_Exercise description_
Start at the first line of the listing below. Write out each line exactly, stopping after the one that contains "Nok et flagg".

_Data for processing_
- Opening Delimiter -
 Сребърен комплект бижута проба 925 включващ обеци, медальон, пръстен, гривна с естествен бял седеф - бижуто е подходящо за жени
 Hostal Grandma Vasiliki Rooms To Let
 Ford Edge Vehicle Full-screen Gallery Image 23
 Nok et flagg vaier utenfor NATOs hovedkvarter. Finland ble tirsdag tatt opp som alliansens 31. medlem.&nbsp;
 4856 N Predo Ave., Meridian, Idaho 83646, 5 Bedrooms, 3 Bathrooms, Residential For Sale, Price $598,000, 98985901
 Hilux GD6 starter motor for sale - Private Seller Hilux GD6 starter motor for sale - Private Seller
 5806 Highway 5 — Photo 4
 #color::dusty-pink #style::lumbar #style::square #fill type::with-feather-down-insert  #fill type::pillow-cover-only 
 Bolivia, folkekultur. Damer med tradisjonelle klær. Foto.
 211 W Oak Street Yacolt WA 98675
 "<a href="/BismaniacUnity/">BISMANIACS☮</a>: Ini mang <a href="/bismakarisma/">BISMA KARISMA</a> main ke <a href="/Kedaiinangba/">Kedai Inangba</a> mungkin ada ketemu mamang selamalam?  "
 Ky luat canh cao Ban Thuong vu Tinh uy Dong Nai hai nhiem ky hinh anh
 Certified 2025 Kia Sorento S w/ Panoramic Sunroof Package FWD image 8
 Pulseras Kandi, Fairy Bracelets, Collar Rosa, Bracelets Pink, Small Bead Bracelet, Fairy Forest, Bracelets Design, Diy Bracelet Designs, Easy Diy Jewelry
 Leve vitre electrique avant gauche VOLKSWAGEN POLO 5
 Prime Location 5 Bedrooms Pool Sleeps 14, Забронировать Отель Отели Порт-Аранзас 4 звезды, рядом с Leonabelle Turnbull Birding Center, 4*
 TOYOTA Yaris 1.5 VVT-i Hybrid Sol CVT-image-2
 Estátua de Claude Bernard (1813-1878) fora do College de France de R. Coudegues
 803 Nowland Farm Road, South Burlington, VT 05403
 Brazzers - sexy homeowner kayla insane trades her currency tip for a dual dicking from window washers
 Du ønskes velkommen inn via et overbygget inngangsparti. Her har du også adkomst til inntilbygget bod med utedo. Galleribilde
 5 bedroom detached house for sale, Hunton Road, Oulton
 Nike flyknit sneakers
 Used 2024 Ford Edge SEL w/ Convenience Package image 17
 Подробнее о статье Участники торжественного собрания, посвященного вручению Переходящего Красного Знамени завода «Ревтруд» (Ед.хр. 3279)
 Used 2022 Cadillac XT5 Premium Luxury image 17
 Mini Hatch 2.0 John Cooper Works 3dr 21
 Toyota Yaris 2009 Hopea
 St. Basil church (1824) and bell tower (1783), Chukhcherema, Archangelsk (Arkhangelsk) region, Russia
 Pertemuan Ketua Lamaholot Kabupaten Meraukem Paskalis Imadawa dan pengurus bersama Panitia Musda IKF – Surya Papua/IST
- Closing Delimiter -
_Reply_
 Сребърен комплект бижута проба 925 включващ обеци, медальон, пръстен, гривна с естествен бял седеф - бижуто е подходящо за жени
 Hostal Grandma Vasiliki Rooms To Let
 Ford Edge Vehicle Full-screen Gallery Image 23
 Nok et flagg vaier utenfor NATOs hovedkvarter. Finland ble tirsdag tatt opp som alliansens 31. medlem.&nbsp;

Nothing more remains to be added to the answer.